There seemed a chance, in early planning of the Wild Atlantic Way, that Doo Lough Pass, the majestic valley just over the mountain from me, would be left off its map. The road-space for camper vans and tourist coaches does, indeed, shrink to a twisting thread of highway between mountain and lake, which is why the locals try not to go near it for the summer.
It was finally included as “a hidden gem” on the tourist route. But its scenic attractions do not figure on any national landscape map of Ireland, because there isn’t one.

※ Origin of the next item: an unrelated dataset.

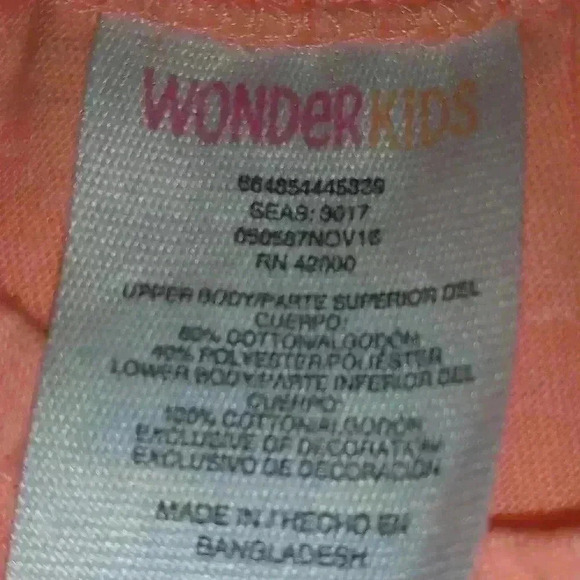 Wonderkids Girls Orange Short Sleeve Dress Set - Picture 4 of 5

There are, rather, a multitude of maps of all sorts, physical and administrative. Maps of contours, roads and waterways, public services and utilities, maps for agriculture, forestry, inland fisheries communications, biodiversity, conservation and more – all in separate computers and often using different data models. Somewhere among proposals on the desk of the new government, a new mapping programme would integrate them all.
There was a time in Ireland when landscape was simply scenery, like the Wild Atlantic Way. But signing up in 2000 to the European Landscape Convention brought new meaning to scenery of all kinds, rural and urban, attractive and degraded, with multiple values for care and improvement.
Information needed for planning is, often regrettably, aloof from aesthetic taste. That was clear in 2000 in government guidelines to local authorities for preparing Landscape Character Assessments. The guidelines urged a methodology that “moves away from concepts such as sublime, beautiful, outstanding, etc, as criteria or as a means of categorisation. These are the very categories which gave rise to a view of the landscape which was unnecessarily restrictive, protectionist and conservationist.”
What was wanted, the guidelines continued, was something more factual, “which will essentially describe the distinctness of one landscape type from another and which will avoid an evaluation which tends to rank one landscape as better than another”. The new approach would assess the landscape’s geology and land cover: vegetation, settlements, water and so on – and then overlay its local “values”: historical, cultural, religious and “other understandings of the landscape”, whatever they proved to be.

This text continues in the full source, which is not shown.